Bu projeyi devreye sokma amaçlı olarak Demirtaş, “çok güvendiği ekibiyle” Amerika’ya çağrıldı. Ona sözler verildi, parlatılacaktı. Doğan Medya ve Cemaat basını destekleyecekti. Kılıçdaroğlu ve CHP, hatta MHP bile onlara sataşmayacaklardı. Her iki parti ve liderini “Cemaat’in Geçmişe dönük çalışmaları” kolaylıkla ikna etmeye yetip de artıyordu bile.

ÖCALAN OYUNU GÖRDÜ VE KARTLARINI AÇTI

Demirtaş ve ekibi teklifi kabul etti. Sonra partiyi ve Kandil’i ikna edip bir oldubittiyle durumu Öcalan’a ilettiler. Öcalan oyunu gördü. Çünkü küresel güçler kendisini Türkiye Cumhuriyeti devletiyle “iş birliği” yaptığı için geçici kara listeye almıştı. Bu yüzden bilgi dağarcığının hep kenarında duran taktiği devreye soktu.
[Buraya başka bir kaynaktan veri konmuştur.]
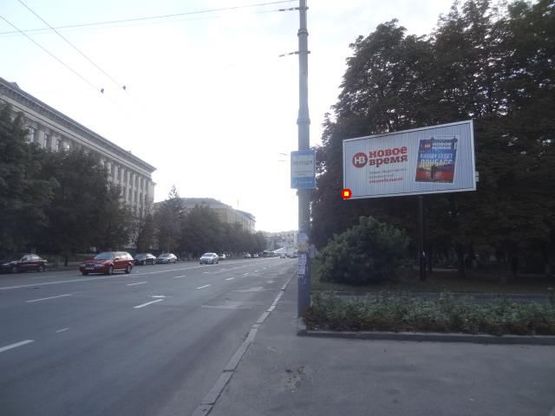 Фото рекламной плоскости по адресу Воздухофлотский пр. 42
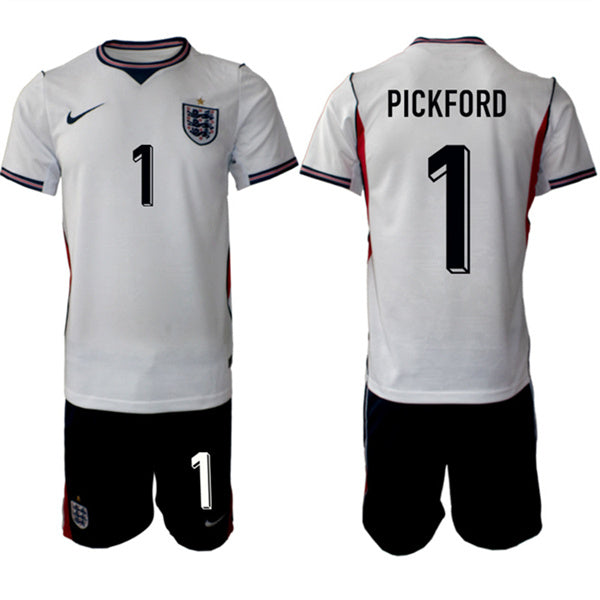 England National Team white Home jersey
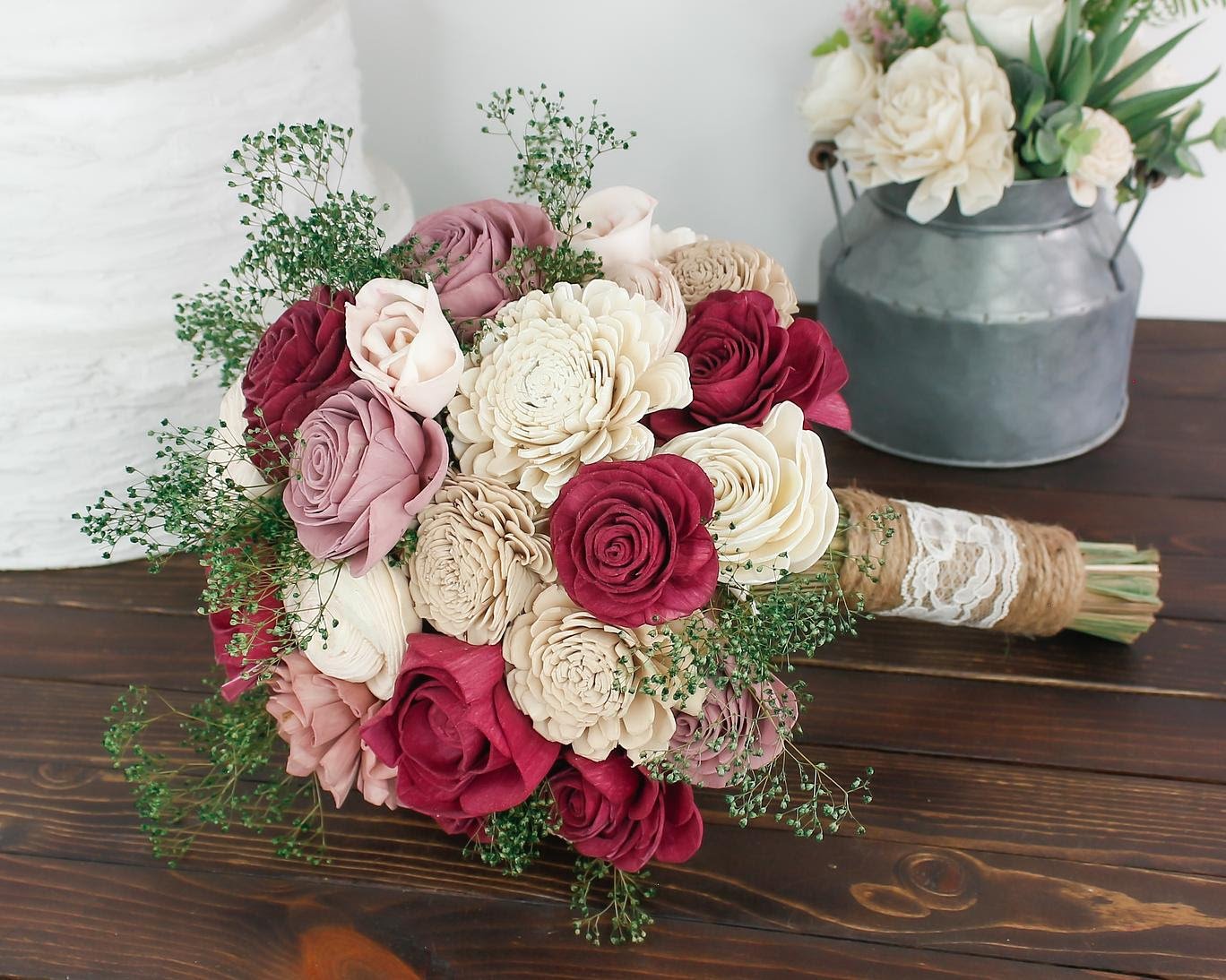 How to Preserve Your Wedding Bouquet After Your Wedding – Sola Wood Flowers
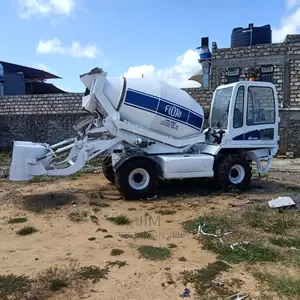 Concrete Mixer Self Loading Fiori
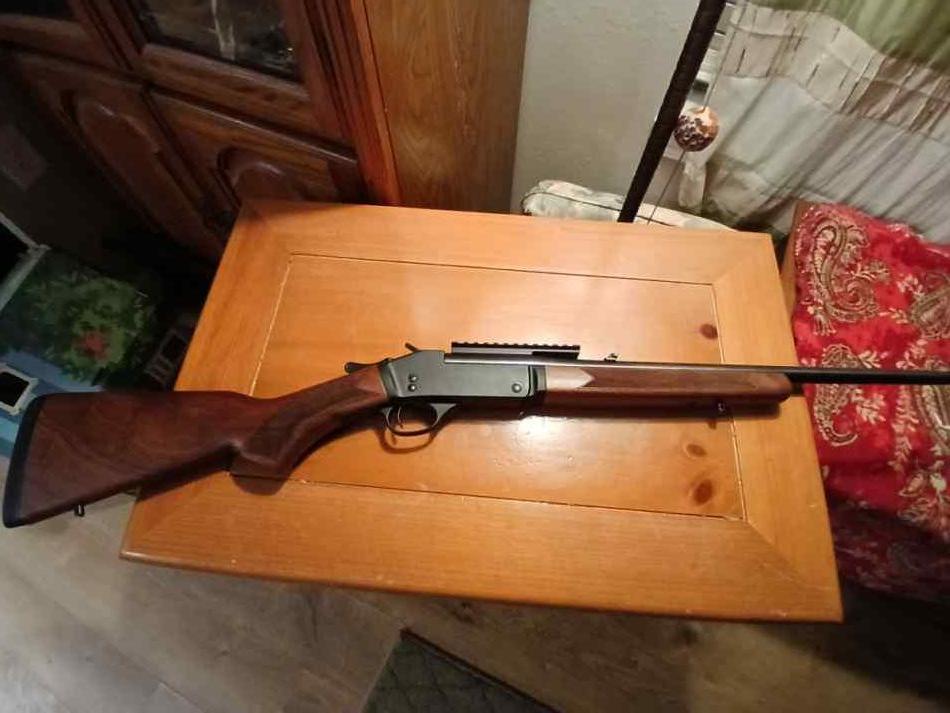 Henry single shot .223/.556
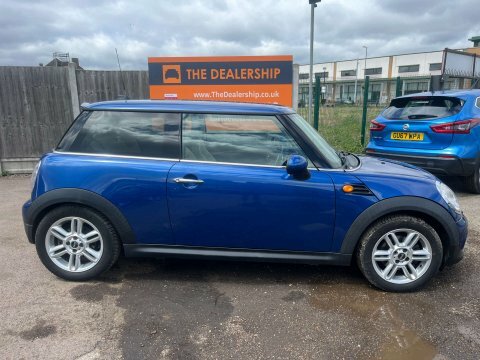 Mini Hatch 1.6 One Hatchback Euro 5 98 Ps Black #5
Bir adım geriye çekilecek, bekleyecek ve görecekti. Her iki durumu da kendi lehine çevirmenin plânlarını yapmaya o saat başlamıştı bile.

Şimdi sorumuza gelelim:
Öcalan, HDP’nin barajı aşmasını istiyor mu?
Cevabı siz verin artık, ipuçları ortada.

AŞILAN BARAJ ÇÖZÜM SÜRECİNİ BERHAVA EDECEK

Sonuçta kartlar açıldı, oyun başladı çoktan. Küresel güçler ve yerli taşeronlarının hesabı açık:

“HDP barajı aşarsa AK Parti ile çözüm sürecini Öcalan’ı devre dışı bırakmış olan kendi kuklaları Demirtaş götürür. Bu da çözüm sürecinin berhava edilerek küresel aktör olma iddiasındaki Türkiye’nin yeniden kaosa ve çatışma ortamına sokulmasını sağlar.”

Yukarıda dediğim gibi hesap edemedikleri bir şey var daha var.
İmralı’nın her duruma ayarlı diğer plânları.
Ve hepsinden önemli olanı; Türkiye’nin ortak aklı.